PeterDonis said:
Because for most people, just being able to calculate predictions for the results of experiments, and test them against actual experiments, is not enough. Most people want to be able to tell some kind of story about what is "really happening". And no interpretation of QM gives a story that everyone can accept.
Here is an excerpt from "Einstein's Entanglement: Bell Inequalities, Relativity, and the Qubit" (Oxford UP, 2024):
Quantum information theorist Chris Fuchs writes:
"What is the cause of this year-after-year sacrifice to the 'great mystery?' Whatever it is, it cannot be for want of a self-ordained solution: Go to any meeting, and it is like being in a holy city in great tumult. You will find all the religions with all their priests pitted in holy war ... . They all declare to see the light, the ultimate light. Each tells us that if we will accept their solution as our savior, then we too will see the light."
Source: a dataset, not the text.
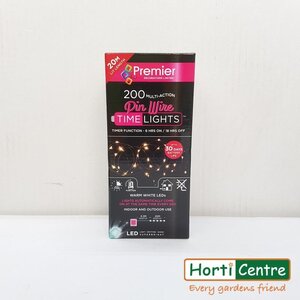 Premier Multi-Action Battery Operated MicroBrights 200 Lights - Warm White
As Fuchs noted, the story from each "religion" is always, "Just give up [blank] and the mystery disappears!" Unfortunately for its advocates, everyone else considers [blank] essential to causal explanation. Maudlin agrees. Concerning what each "religion" says about the other, he writes:
"They may correctly note that according to every one of their rival theories, God was malicious, and having thus eliminated every other possibility, claim their own theory the victor. The problem is that *every* partisan can argue in this way since *every* theory posits some funny business on the part of the Deity."